This isn't to say that a man isn't aware of what other people think and adjusts to what they think, but he has an inner strength of character that that does not let other people's opinions affect his opinion of himself. This idea is born from the dominance hierarchy and the survival instinct men have to be an alpha male. The independence of not having one's self esteem or actions guided by the opinions of others is an essential skill for navigating the group dynamics in dominance hierarchy ascension. When properly expressed, not caring what other people think is manifested as confidence, decisiveness, and perseverance. "I understand you think XYZ, but I think ABC - so I'm going to follow my gut and do ABC." Alpha males are leaders.
In order to ascend a dominance hierarchy, a man must push toward his goals without fear of upsetting others. By letting social dynamics affect a person's actions, he is no longer on the optimal path towards rising in the dominance hierarchy. This same confidence that a man uses to climb the dominance hierarchy also keeps him there.
Examples:
- A man cannot listen to doubters when starting a business.

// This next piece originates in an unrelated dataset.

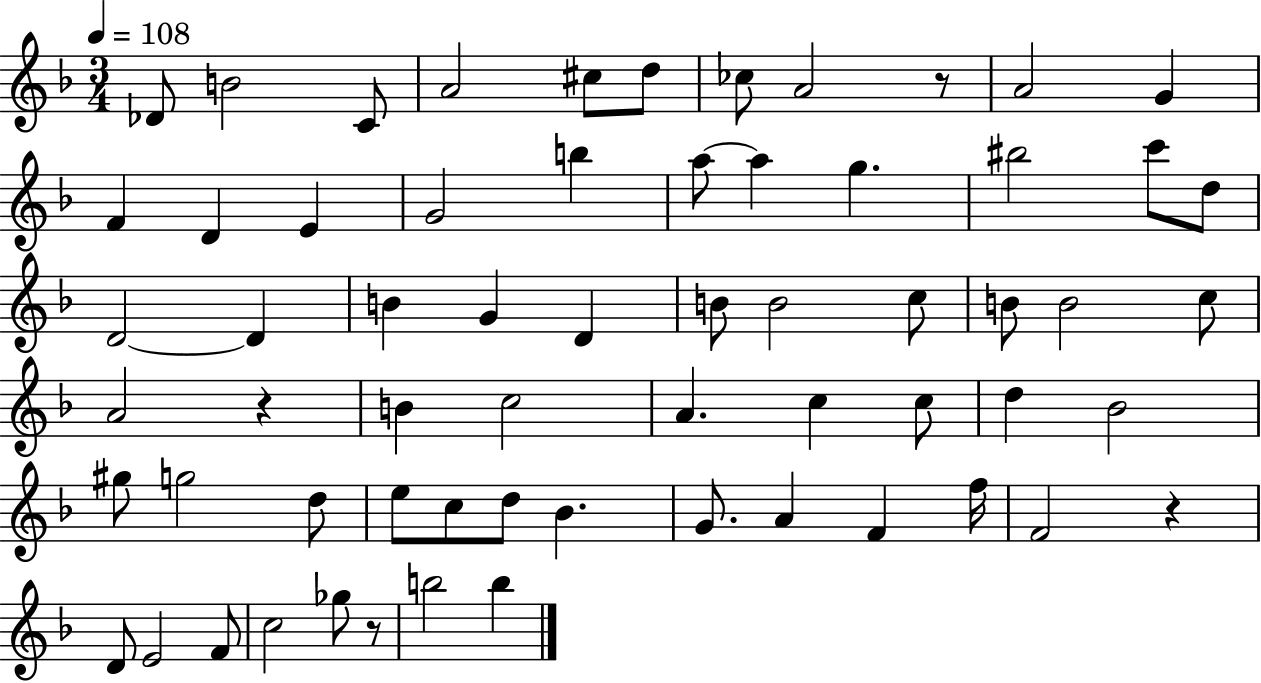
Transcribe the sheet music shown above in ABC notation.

An inner strength of character pushes the man towards his goals without letting skeptics adjust his vision.
- A man approaches a person he is attracted without fear of social consequences (friends or society telling him that the person is out of his league or a chance of failure should preclude the approach). The confidence in a man's own internal goal compass supersedes the opinions of others.
- A man speaks his mind in regard to how he feels. Group dynamics don't dissuade a man from speaking his truth. His personal integrity is more important than being liked.
Not letting others' opinions of a man's worth is not a universal male trait, but it highly correlates with how evolution intended for men to behave. Men can be deeply concerned with what other people think. And women can be completely unconcerned with what others think. But men's biology (specifically - the dominance hierarchy) stretching back millions of years fits us a certain way.
I fully believe everything I wrote above. Not only does evolutionary psychology back it up, but as a man, I can feel, in a way that I can't easily express, that these feelings are tightly interwoven with my gender. But everything above can also apply to women. So why differentiate and say these are male characteristics? I struggle with this myself.
I argue that the idea of not letting one's self worth be affected by others is the masculine. Noting that men and women both contain masculine and feminine energy - with men likely to hold more masculine energy and women more likely to hold feminine energy, it makes sense that my masculine core would align more with this idea. Feminine energy, a more communal energy, is more involved with the group dynamic and making sure the collective is served. In this way, a person with a feminine core would be more likely to have his or her self worth affected by other people's opinions. I don't feel called to answer how this works with women - how biology, evolution, and personality characteristics defined the natural instinct for how women interact with others and how they overcome it to value their self worth. My priority is men. I speak confidently that a developed man with a masculine core does not let others determine his self worth.
The topics I covered in this post are characteristics we should be instilling in our boys, and we do less and less of that. The character that comes from this foundational perspective becomes confidence, backbone, strength, will, drive, power - biological instincts a million years in the making.